All industries rely on technology infrastructure to function, but businesses in the world of finance need to be agile enough to respond to the world market without interruption. The volume and speed of transactions play a crucial role in the success of a hedge fund and technology outages can have a devastating impact. Firms invest in infrastructure that needs to be reliable, whether it
is located on-site or part of a cloud services offering. But what happens in the case of an unavoidable emergency? Traders, managers and executives alike know the possibility of down-time is very real, but often don’t have a thorough answer for what to do if a crisis strikes. With a high concentration of financial firms located in the New York Metro area, many hedge had their disaster recovery solutions put to the test in the wake of Hurricane Sandy.

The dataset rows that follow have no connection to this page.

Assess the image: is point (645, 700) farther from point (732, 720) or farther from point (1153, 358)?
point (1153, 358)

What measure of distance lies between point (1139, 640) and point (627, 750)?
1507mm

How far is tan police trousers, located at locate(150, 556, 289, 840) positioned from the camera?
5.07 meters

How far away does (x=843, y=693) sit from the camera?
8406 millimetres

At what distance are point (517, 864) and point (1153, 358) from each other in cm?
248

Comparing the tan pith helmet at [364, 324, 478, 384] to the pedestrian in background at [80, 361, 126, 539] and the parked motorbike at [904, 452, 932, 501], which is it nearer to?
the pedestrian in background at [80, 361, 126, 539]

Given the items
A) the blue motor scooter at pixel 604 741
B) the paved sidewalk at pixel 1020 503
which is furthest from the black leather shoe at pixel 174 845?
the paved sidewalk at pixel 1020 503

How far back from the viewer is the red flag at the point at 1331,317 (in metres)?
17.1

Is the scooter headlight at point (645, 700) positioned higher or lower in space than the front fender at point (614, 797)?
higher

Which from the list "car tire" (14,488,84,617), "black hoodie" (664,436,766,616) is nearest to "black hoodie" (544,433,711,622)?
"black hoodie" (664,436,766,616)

It was a wake-up call for many, proving that firms of all sizes need to have a disaster recovery (DR) solution for their systems as well as a business continuity plan (BCP) so employees know where to go and what to do in case of an emergency.

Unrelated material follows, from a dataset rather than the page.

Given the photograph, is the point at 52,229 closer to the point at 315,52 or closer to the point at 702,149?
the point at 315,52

Implementing a fully-functional DR/BCP strategy can seem overwhelming, especially for startup firms that may have limited in-house technology resources. Firms may overlook the necessity to have a complete business continuity plan that accounts for all types of technology outages. The right DR/BCP strategy will account for each element of the business ecosystem, from what elements of infrastructure should be accounted for in DR to the acceptable amount of downtime for systems and employees.

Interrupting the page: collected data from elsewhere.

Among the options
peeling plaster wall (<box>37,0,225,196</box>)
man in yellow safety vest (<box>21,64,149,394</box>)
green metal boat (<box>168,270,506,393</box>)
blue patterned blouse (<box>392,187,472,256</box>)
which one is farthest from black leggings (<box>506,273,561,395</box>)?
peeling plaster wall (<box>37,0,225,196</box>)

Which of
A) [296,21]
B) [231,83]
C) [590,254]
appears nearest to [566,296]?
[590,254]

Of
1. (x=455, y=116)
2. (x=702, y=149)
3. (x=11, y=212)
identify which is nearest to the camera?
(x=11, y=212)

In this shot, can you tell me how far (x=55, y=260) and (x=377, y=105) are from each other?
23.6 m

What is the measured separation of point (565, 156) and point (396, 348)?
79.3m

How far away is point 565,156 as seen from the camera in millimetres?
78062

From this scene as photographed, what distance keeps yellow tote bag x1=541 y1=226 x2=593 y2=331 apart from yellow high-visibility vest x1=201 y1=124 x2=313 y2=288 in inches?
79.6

When formulating their DR/BCP strategies, firms can begin with the following six best practice recommendations to create a process to ensure that they can continue to do business through a disruption:
1. Think About Scale
Make sure the business continuity plan takes into account all elements of the firm’s technology and realistically approaches how employees conduct business. A five-person startup may be able to successfully implement a plan that won’t work for an established fifty-person firm. Acknowledgement of scale is crucial. It’s not just office scale that needs to be accounted for, but also the scale of the potential business disruption. For example, during Hurricane Sandy, power outages across the New York Metro area meant that the traditional work-from-home approach to unusable office facilities was not a scalable option.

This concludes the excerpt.